Hi @Bohan_Zhuang!
I’ve run into similar error, but I’ve also noticed that I’m not getting it when I disable shuffling. With shuffle=True
my code fails with similar error message, but setting the parameter to False
returns a correct-looking batch of tensors.
Edit:
Here’s the error output.
---------------------------------------------------------------------------
RuntimeError Traceback (most recent call last)
<ipython-input-14-985e62e21c28> in <module>()
1 dataloader = DataLoader(DroneRGBEarlier(), batch_size=4, shuffle=True)
2
----> 3 for i, batch in enumerate(dataloader):
4 print(i, batch['x'].size(), batch['y'].size())
5 break
C:\Anaconda3\envs\ml\lib\site-packages\torch\utils\data\dataloader.py in __next__(self)
186 if self.num_workers == 0: # same-process loading
187 indices = next(self.sample_iter) # may raise StopIteration
--> 188 batch = self.collate_fn([self.dataset[i] for i in indices])
189 if self.pin_memory:
190 batch = pin_memory_batch(batch)
C:\Anaconda3\envs\ml\lib\site-packages\torch\utils\data\dataloader.py in default_collate(batch)
114 return batch
115 elif isinstance(batch[0], collections.Mapping):
--> 116 return {key: default_collate([d[key] for d in batch]) for key in batch[0]}
117 elif isinstance(batch[0], collections.Sequence):
118 transposed = zip(*batch)
C:\Anaconda3\envs\ml\lib\site-packages\torch\utils\data\dataloader.py in <dictcomp>(.0)
114 return batch
115 elif isinstance(batch[0], collections.Mapping):
--> 116 return {key: default_collate([d[key] for d in batch]) for key in batch[0]}
117 elif isinstance(batch[0], collections.Sequence):
118 transposed = zip(*batch)
C:\Anaconda3\envs\ml\lib\site-packages\torch\utils\data\dataloader.py in default_collate(batch)
94 storage = batch[0].storage()._new_shared(numel)
95 out = batch[0].new(storage)
---> 96 return torch.stack(batch, 0, out=out)
97 elif elem_type.__module__ == 'numpy' and elem_type.__name__ != 'str_' \
98 and elem_type.__name__ != 'string_':
C:\Anaconda3\envs\ml\lib\site-packages\torch\functional.py in stack(sequence, dim, out)
62 inputs = [t.unsqueeze(dim) for t in sequence]
63 if out is None:
---> 64 return torch.cat(inputs, dim)
65 else:
66 return torch.cat(inputs, dim, out=out)
RuntimeError: inconsistent tensor sizes at d:\pytorch\pytorch\torch\lib\th\generic/THTensorMath.c:2864
Edit 2:
After traversing the source @smth posted, I felt it was maybe crucial to shed light on the dataset also.
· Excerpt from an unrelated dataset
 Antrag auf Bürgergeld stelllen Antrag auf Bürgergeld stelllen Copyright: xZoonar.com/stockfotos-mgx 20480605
My dataset is effectively a collection of inputs and targets. A single sample is a dict of the following structure:
sample = {
'x': tensor.DoubleTensor of size [3 x 32 x 32],
'y': tensor.FloatTensor of size [32 x 32]
}
Edit 3:
Oddly enough I noticed that when shuffle=True
, having the batch_size
be 2 at maximum allows for the code to run without problems. With any larger batch_size
the code will fail.